Olhos nos olhos, é preciso olhar de frente para os
acontecimentos de 2017, que com mais de 215 mil hectares de área ardida é a
maior dos últimos 10 anos, e retirar as devidas lições e ilações. Desde logo,
na hierarquia da cadeia de responsabilidade. Mas, é preciso ir mais longe, ao
cerne da questão e sem retirar mérito e valor aos milhares de mulheres e homens
que integram os corpos de bombeiros voluntários, “é tempo de exigir uma nova
estratégia de valorização dos Bombeiros e acabar com as lamúrias e com as
homenagens hipócritas.”, como afirmou Duarte Caldeira, ex-presidente da Liga
dos Bombeiros Portugueses após a leitura do relatório. E eu assino por baixo!

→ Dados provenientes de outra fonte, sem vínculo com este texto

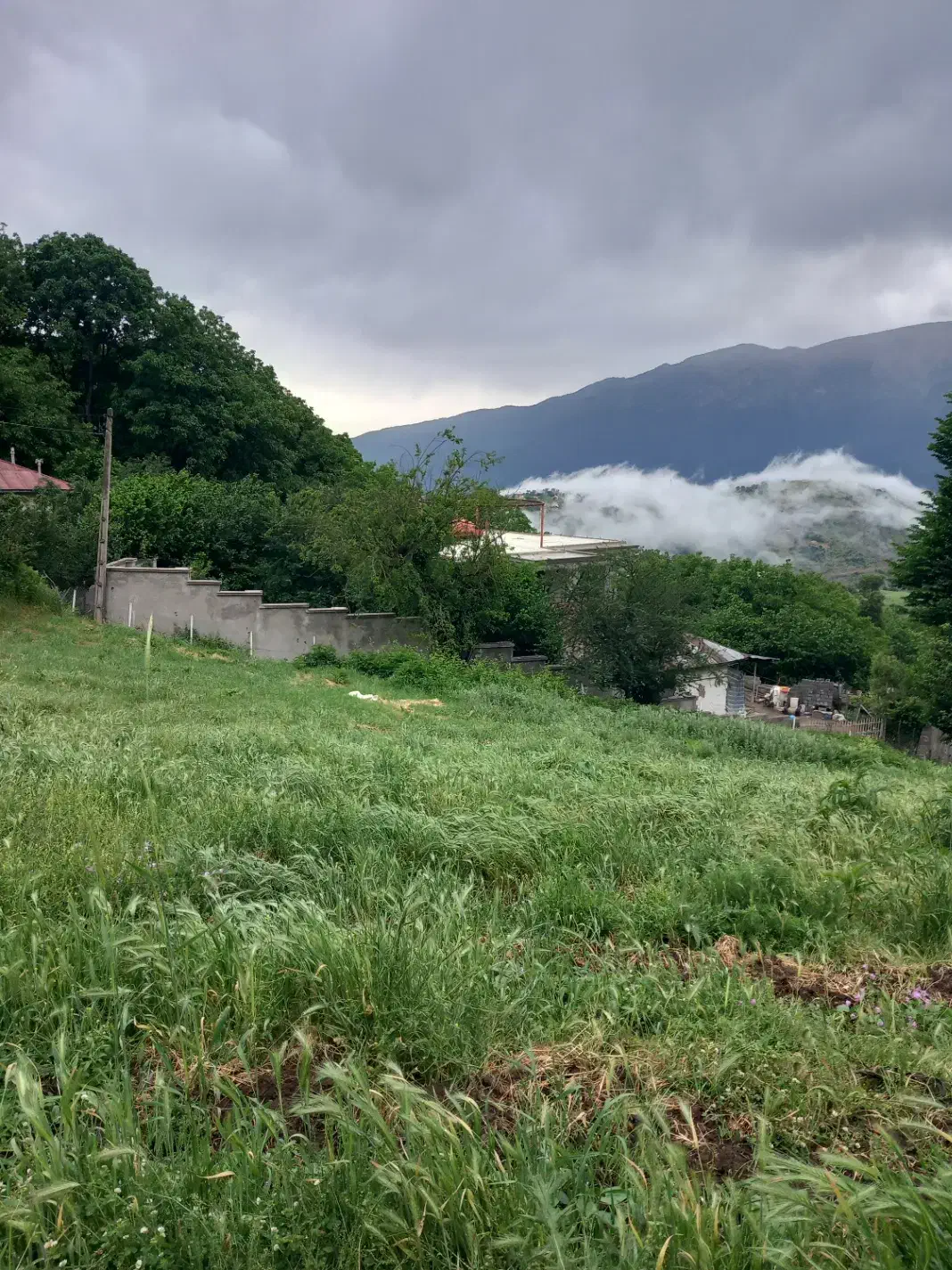 فروش زمین در آمارو شیرکده|فروش زمین و ملک کلنگی|بره‌سر, |دیوار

De facto, é urgente mitigar as insuficiências sistémicas da
proteção e socorro em Portugal, e nesse prisma, é fundamental rever o
Dispositivo de meios para o combate aos incêndios florestais que está
alicerçado nos bombeiros voluntários, mas que se revela insuficiente para
responder aos grandes incêndios florestais que lavram dias a fio – o trágico
incêndio de Pedrogão Grande este ativo durante quase uma semana e não foi caso
singular este ano em Portugal. E certamente, não será no futuro!

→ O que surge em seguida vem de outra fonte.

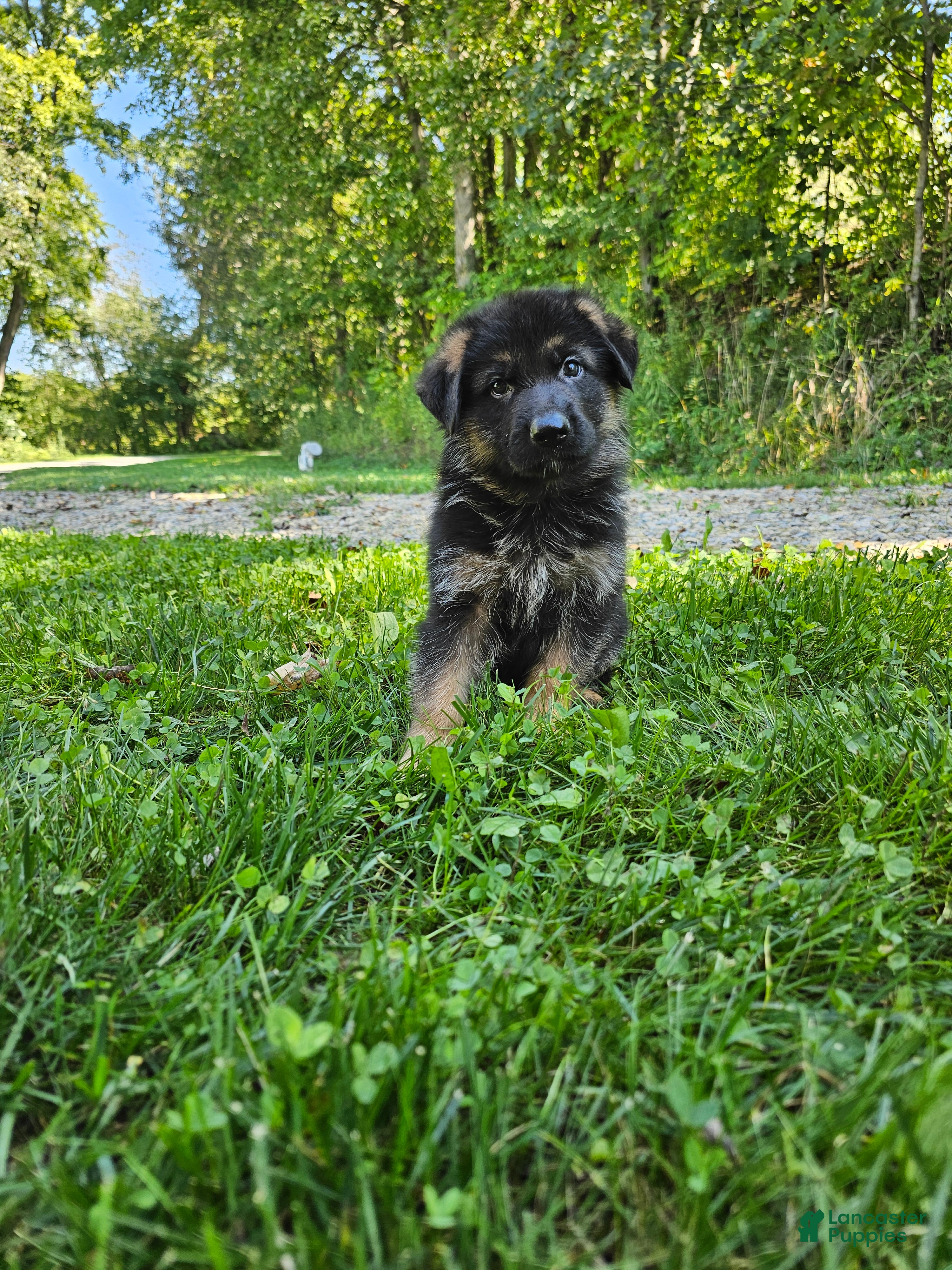 German Shepherd dogs Cooper  - Ad 1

É preciso outra abordagem à defesa da floresta contra
incêndios, com a presença de meios todo o ano no terreno, com outra capacidade
técnica de intervenção e com o envolvimento de uma estrutura profissional como
vai sucedendo em ali ao lado, na vizinha Espanha, só para não atravessar o
Atlântico e citar, mais uma vez, o exemplo dos EUA. Nesses dois países, existe
um núcleo duro de profissionais que está no terreno todo o ano e que é
completado no período mais critico com o reforço de meios, decorrentes da
contratação sazonal.
É preciso envolver de uma forma mais efectiva e permanente
os recursos das Forças Armadas, é preciso repensar a missão dos GIPS da GNR e
colocar esses meios ao serviço da floresta o ano todo, bem como a Força
Especial de Bombeiros. Os fogos evitam-se! e evitam-se com a prevenção
estrutural, com a sensibilização das populações, com uma fiscalização ativa e
eficaz da aplicação da lei. Quando o sistema falha a montante, não á outro
remédio senão chorar a fatalidade dos incêndios que se avolumam em função da
disposição do São Pedro, como foi evidente este ano em Portugal.

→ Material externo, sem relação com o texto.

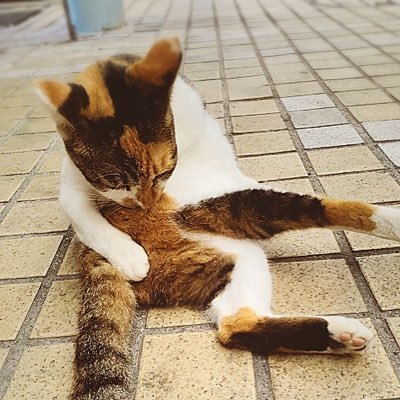 2929junko's profile picture. 海好きなアル中ꐴ༾(˶‾᷄ꈊ‾᷅˵ ) 🍜骨は海に撒いてちょ𓆉𓇼˖*冷たくておいしいやつ🌈大好物うなげろりん📻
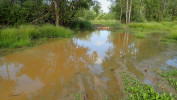 V Rokycanech pomáhají mělké tůně udržovat fanoušci vojenské techniky. Foto V. Kolář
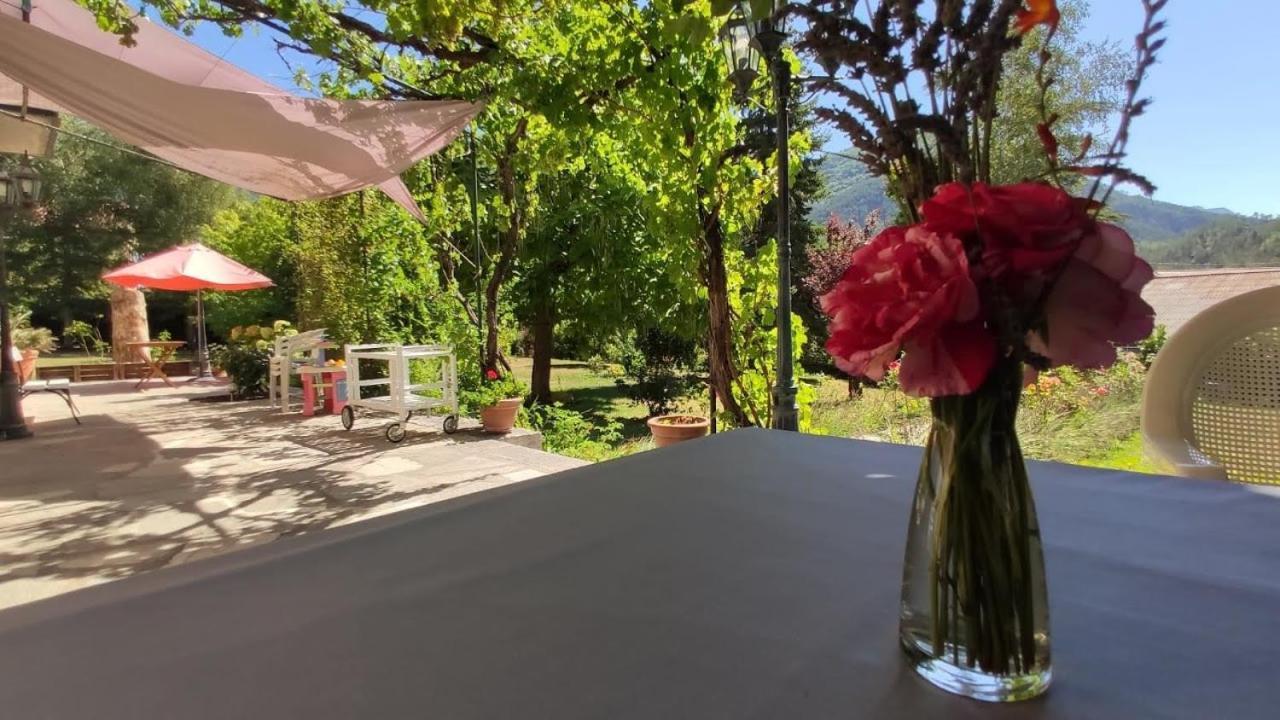 Le Clos Du Verger La Motte-du-Caire Esterno foto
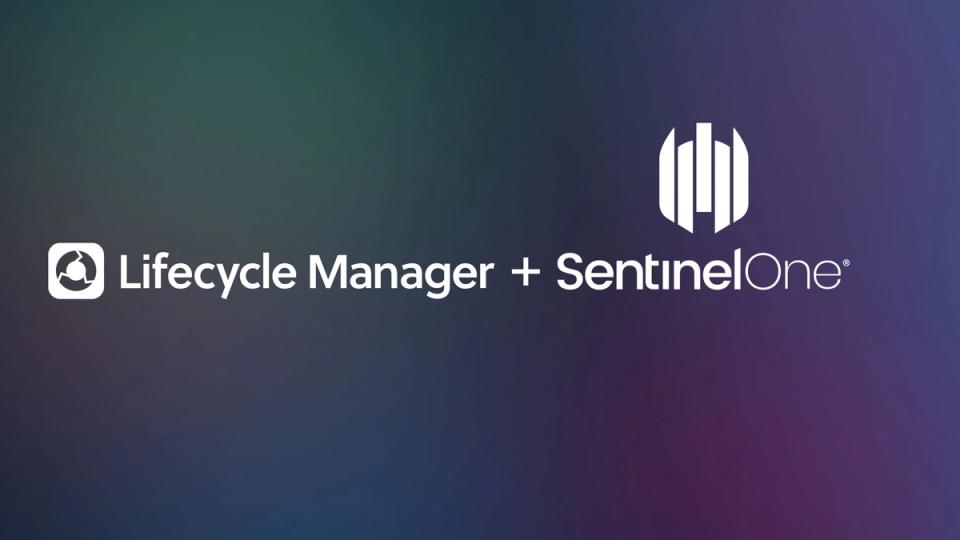 SentinelOne endpoint security data shown in a client-ready Lifecycle Manager Deliverable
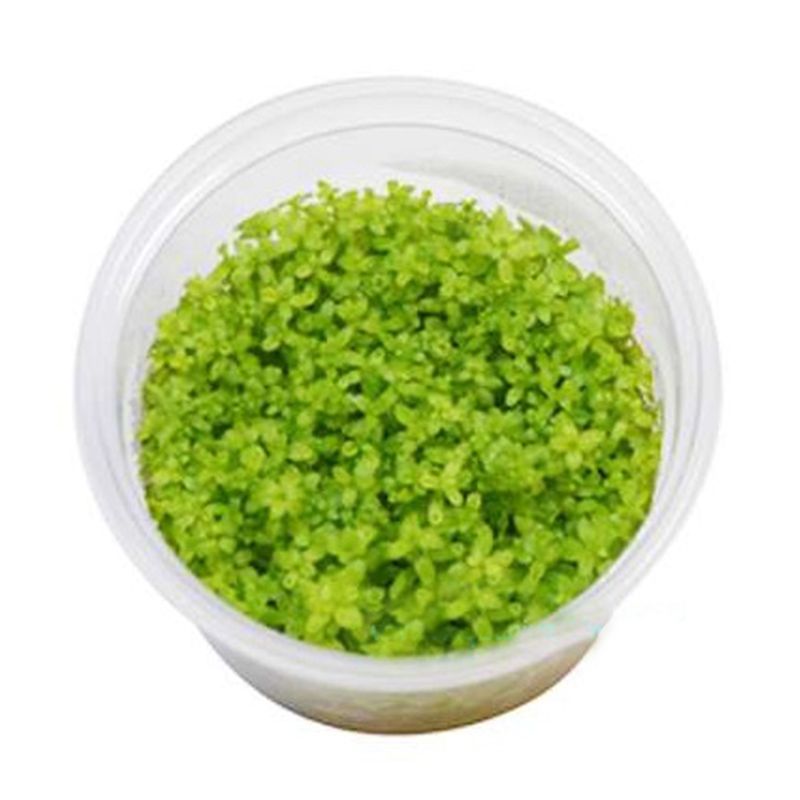 Micranthemum micranthemoides epaqvitro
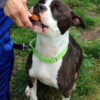 Treat Tosses, Sniff Hunts, Hand Delivers: Speaking Your Dog’s Reward Language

Não sei se a criação de uma Agência para a Gestão Integrada
dos Fogos Rurais, conforme é defendida no relatório da comissão técnica, será
uma solução viável no curto prazo. Pessoalmente, defendo a adoção de uma solução
de transição, integradora, de cariz interdepartamental, como existe nos EUA (National Cohesive Wildland Fire Management Strategy), conjugada
com a “regionalização” do planeamento do dispositivo, conforme sucede em
Espanha. Basta ver as soluções da Galiza, da Andalucia, da Extremadura ou da
Catalunha para perceber da importância no sucesso do sistema, da adoção das
soluções/modelos que melhor se ajustam aos riscos existentes em cada território.
Em suma, a tarefa que se coloca a António Costa não é fácil.
Aguardemos pela reflexão que o Governo irá fazer deste relatório e pelos
anúncios que irão emanar do Conselho de Ministros Extraordinário do dia 21 de
outubro para ver até que ponto houve coragem política para mudar o paradigma!